Ahora que nos llega Halloween con sus calabazas, es un buen momento para reflexionar sobre cómo las series de ficción se han convertido en el espejo que, a menudo, nos devuelve nuestros miedos. Chernobyl, basada en la catástrofe nuclear acaecida en la actual Ucrania (antigua URSS), es un buen ejemplo de ello. La miniserie es, sin duda, una de las grandes de 2019, llamada a convertirse en una serie de culto. Realizada al alimón por HBO (USA) y Sky (Reino Unido) dramatiza con buen tino el desastre nuclear que tuvo lugar en abril de 1986.
El gran tema que se pone en juego (lo afirma el propio director) es el de la verdad. Hablar de verdad es tiempos de posverdad, de primacía de las interpretaciones y el relato sobre los hechos es una empresa gigante. Pero los hechos son tozudos y, por mucho que el KGB termine por depurar a Legásov, nuestro protagonista, la realidad se nos antoja inmutable. Todos los personajes, menos el interpretado por Emily Watson, tienen su correlato en la realidad y existieron más allá de la imaginación de los guionistas. En este sentido, la serie nos permite abordar el apasionante dilema acerca de si personalizar la Historia es traicionarla o hacerla inteligible. Chernobyl tiene la ardua tarea de hacer historia del presente y lo resuelve con eficacia, optando por sumergirnos desde el principio en una asfixiante negrura.

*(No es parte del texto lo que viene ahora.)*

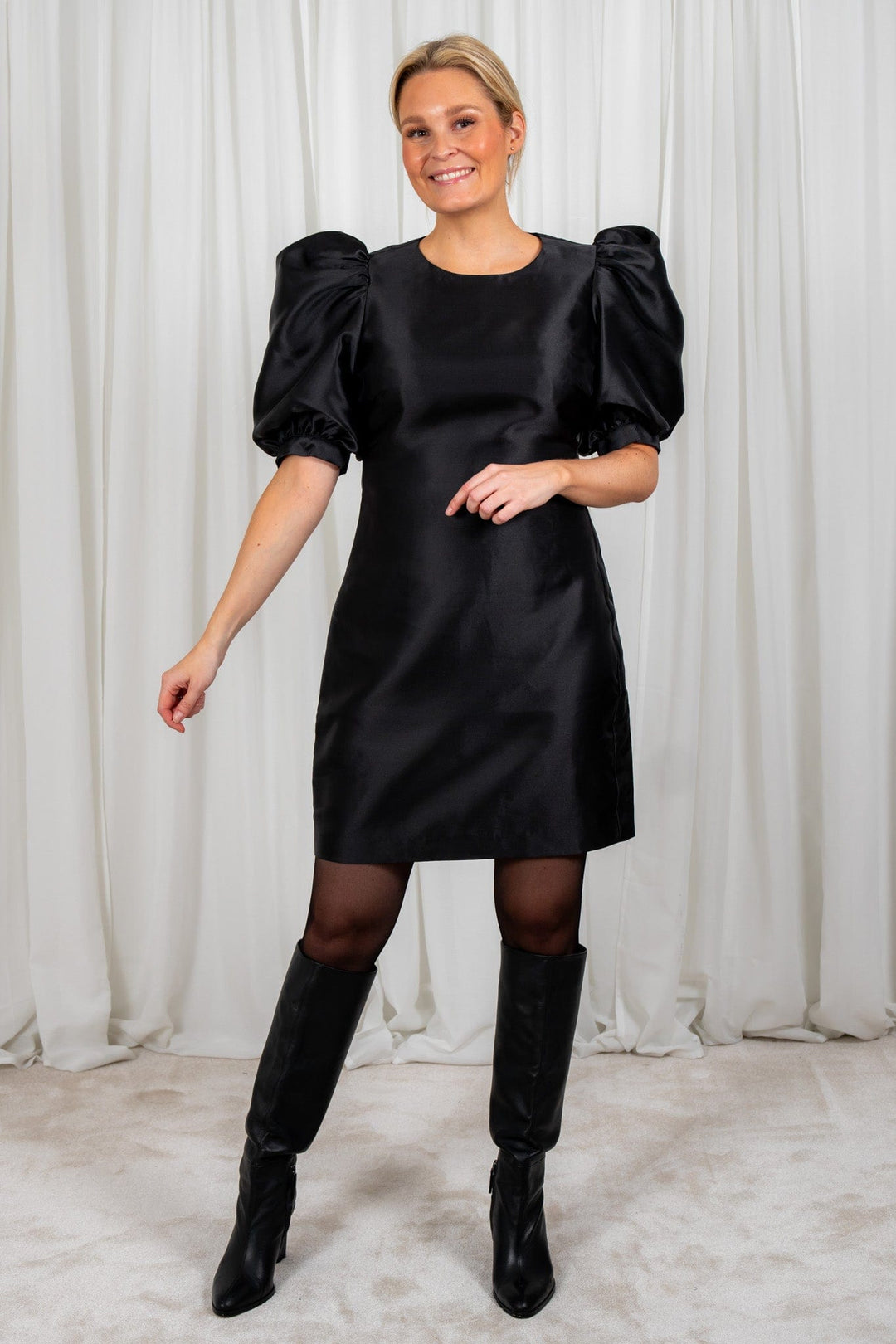 Grace Dress Black | Kjoler | Smuk - Dameklær på nett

Es, en términos generales, una serie realista, aunque pegue algún resbalón científico y se tome alguna que otra licencia, propia de quien tiene que someter a la historia a inevitables tensiones dramáticas.
Sin ser una serie de masas, ya ha calado hasta llegar a incentivar una suerte de turismo del terror, que nos interpela sobre la banalidad del mal cuando vemos a turistas haciéndose selfis frívolos con un campo de concentración de fondo. En este caso, ha aumentado el número de visitantes a la planta nuclear y al cercano pueblo fantasma de Prípiat. Es nuestra forma narcisista y breve de intentar atrapar cuanto la historia tiene de indeleble.